Two tender tales have been circling my thoughts like proud, persistent eagles.
One is about Eleanor Roosevelt, the other, Rachel ‘Bunny’ Mellon.
Bunny was married to millionaire, philanthropist Paul Mellon for 51 years, while during that time, sharing him with a woman by the name of, Dorcas Hardin, a widow and tony boutique owner in Georgetown, the popular political enclave of Washington D.C.. She knew of the affair, tolerating it the way many women of her era did, including her best friend, Jacqueline Bouvier Kennedy.

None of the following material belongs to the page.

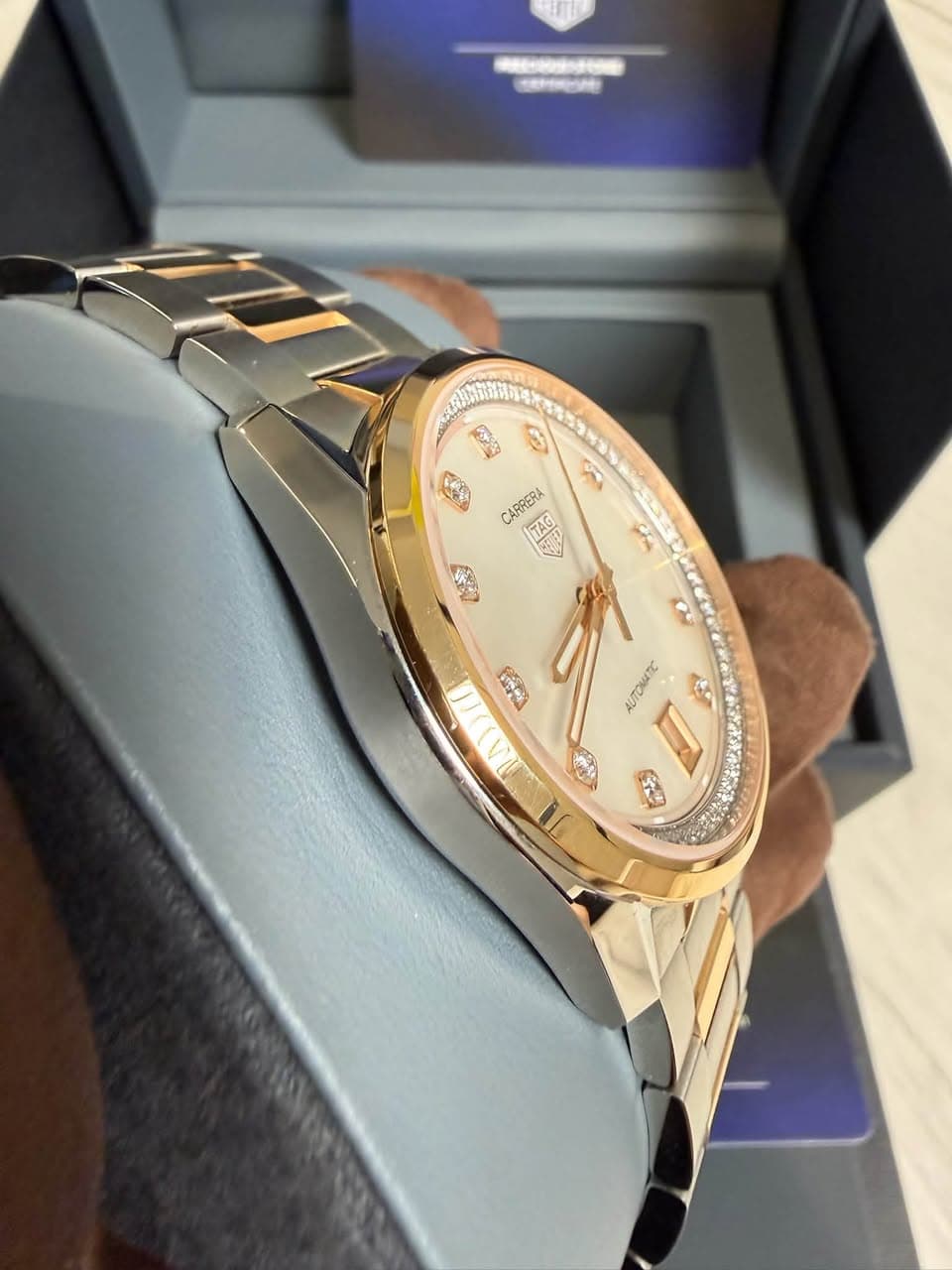 May be an image of wrist watch and text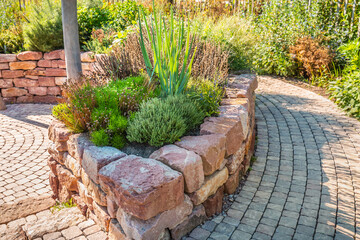 A modern vegetable garden with raised bricks beds. Raised beds gardening in urban garden growing plants and vegetables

When Paul Mellon died at 92, in 1999, Bunny invited Mrs. Hardin to the funeral thinking, it was the right thing to do, and something her husband would have wanted. Mrs. Hardin, being rather correct herself, despite her duplicity, properly declined. Bunny then invited her two children to represent their mother, who came, Bunny seating them with the rest of she and Paul’s family.
Mrs. Roosevelt, when husband Franklin in 1945, suddenly died of a cerebral hemorrhage in Warm Springs, Georgia at the age of 63, had no idea he was with his long time love, Lucy Mercer Rutherford.
Though painful for her, it being the reason her marriage became in name only after discovering their love letters in 1918, found it in herself to bestow a magnanimous gesture.
At the time of FDR’s death, he was sitting for portrait artist, Elizabeth Shoumatoff, with Lucy at his side. They had resumed their relationship in 1941 with the help of Anna Roosevelt, Eleanor and Franklin’s daughter, unbeknownst to Eleanor. Despite being struck one more hurtful blow, Eleanor sent the picture to Lucy with a note saying, I thought you might like to have this.
These tandem stories move me greatly.
Amid pain and much betrayal, these two wounded women were still able to act with kindness, generosity and grace.
I don’t know given the same circumstances, would I have it in me to be as noble.
I guess you don’t know what you’re capable of, until you know. But in hindsight, it sure is impressive.